● **Task to carry out**
Make an exact copy of the data below, leaving out every picture.

● **Input data**
*** Begin section ***

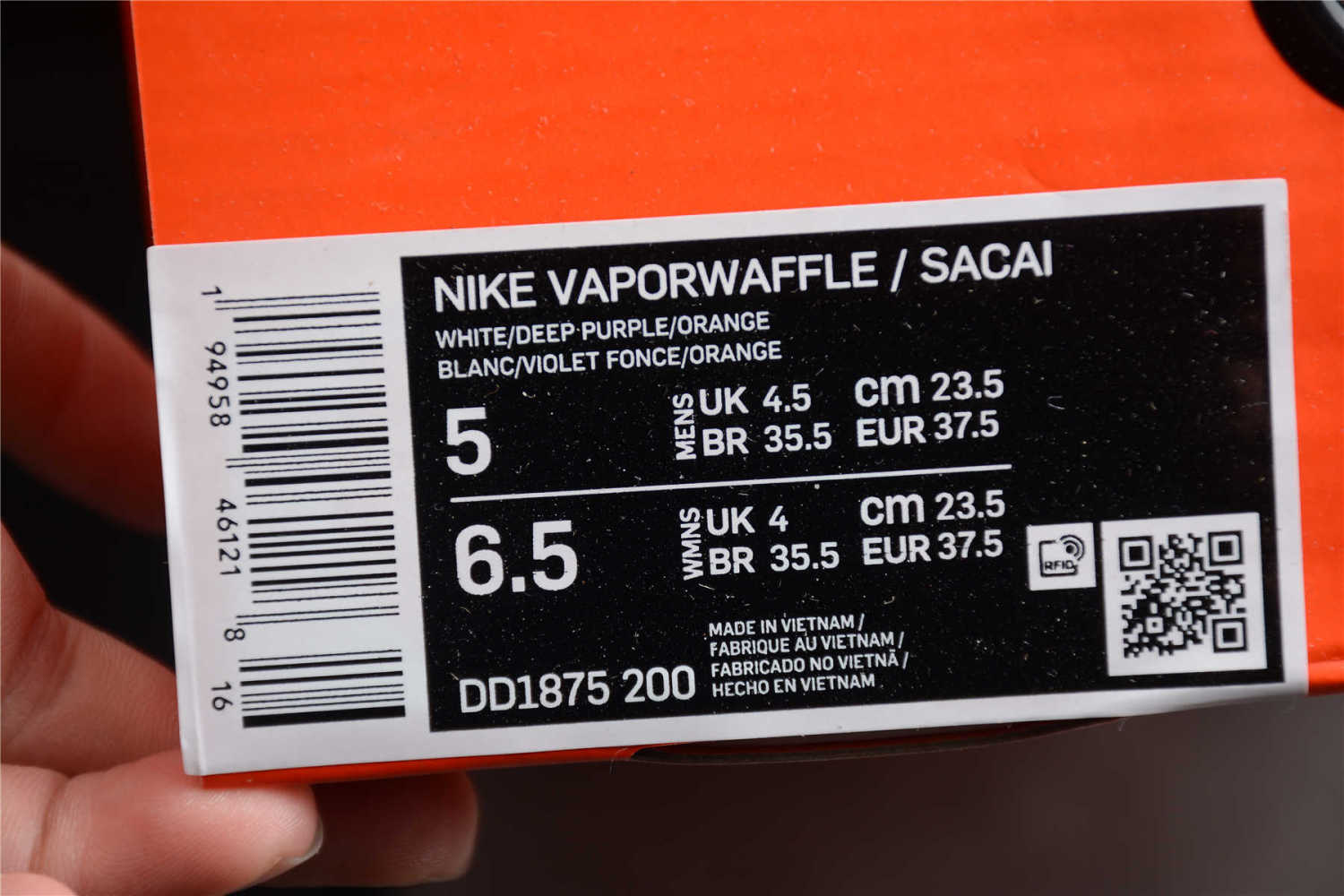 Sacai x VaporWaffle “Tour Yellow ”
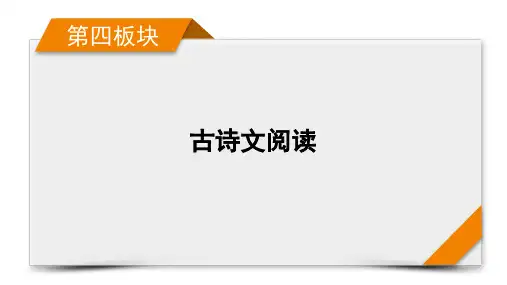 2022版高考语文一轮总复习课件：专题5 文言文阅读 分点突破5 文言文翻译综合知识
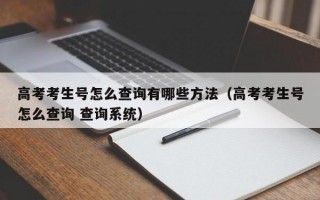 高考考生号怎么查询有哪些方法（高考考生号怎么查询 查询系统）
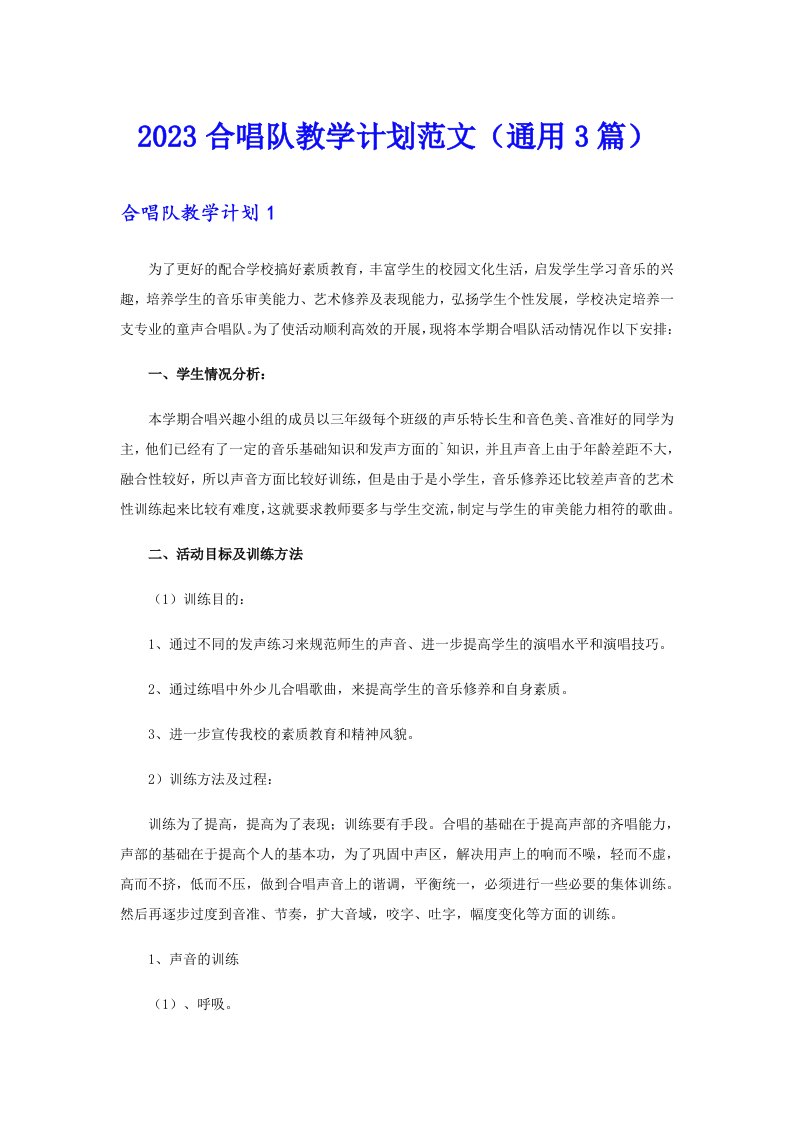 2023合唱队教学计划范文（通用3篇）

*** End section ***

● **Response below**
 Sacai x VaporWaffle “Tour Yellow ”
 2022版高考语文一轮总复习课件：专题5 文言文阅读 分点突破5 文言文翻译综合知识
 高考考生号怎么查询有哪些方法（高考考生号怎么查询 查询系统）
 2023合唱队教学计划范文（通用3篇）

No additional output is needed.